• _EXERCISE BRIEF_:
All of the data must be output exactly, with every picture left out.

• _DATA SHOWN_:
■ ■ ■ ■ ■
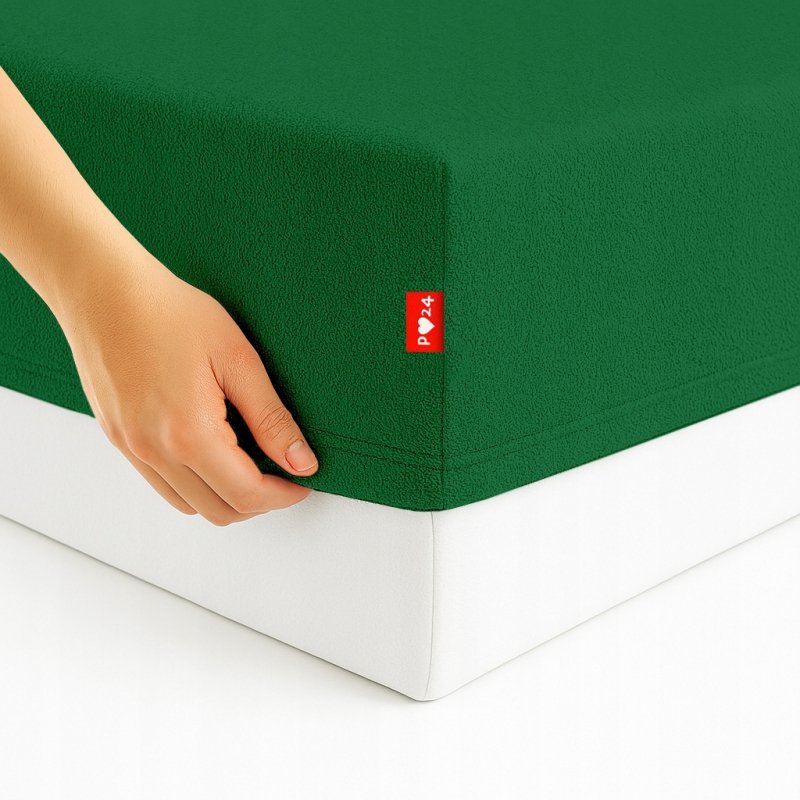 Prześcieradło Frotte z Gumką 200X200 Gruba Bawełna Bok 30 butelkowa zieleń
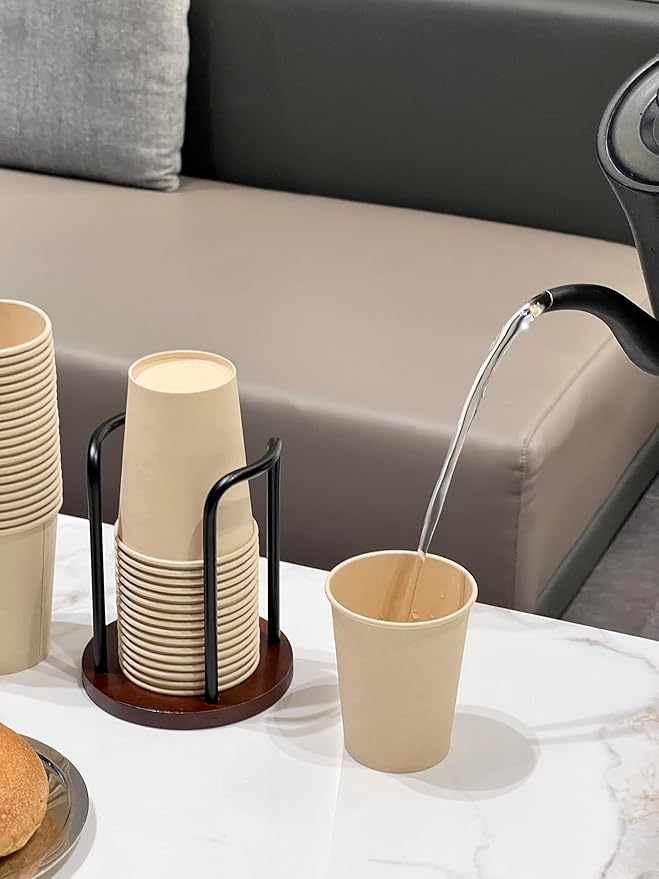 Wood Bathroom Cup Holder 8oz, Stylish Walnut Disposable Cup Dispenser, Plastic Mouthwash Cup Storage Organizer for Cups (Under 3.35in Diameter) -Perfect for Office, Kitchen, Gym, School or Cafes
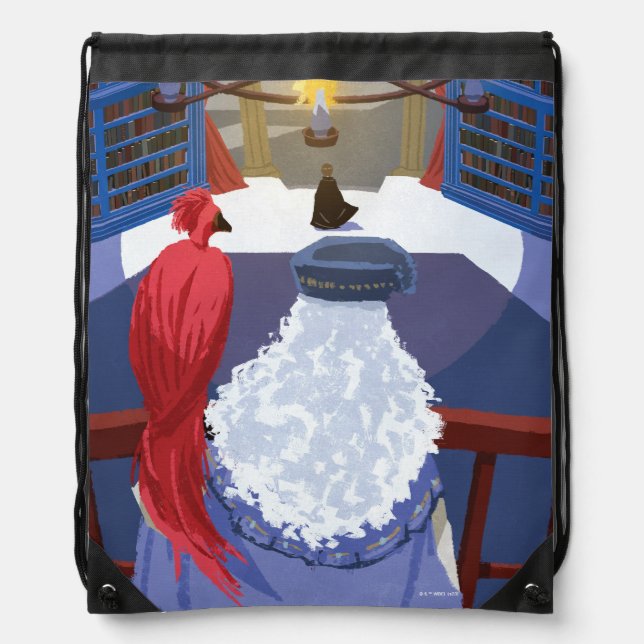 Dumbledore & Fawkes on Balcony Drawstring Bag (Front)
■ ■ ■ ■ ■
• _THE COMPLETED TASK_:
 Prześcieradło Frotte z Gumką 200X200 Gruba Bawełna Bok 30 butelkowa zieleń
 Wood Bathroom Cup Holder 8oz, Stylish Walnut Disposable Cup Dispenser, Plastic Mouthwash Cup Storage Organizer for Cups (Under 3.35in Diameter) -Perfect for Office, Kitchen, Gym, School or Cafes
 Dumbledore & Fawkes on Balcony Drawstring Bag (Front)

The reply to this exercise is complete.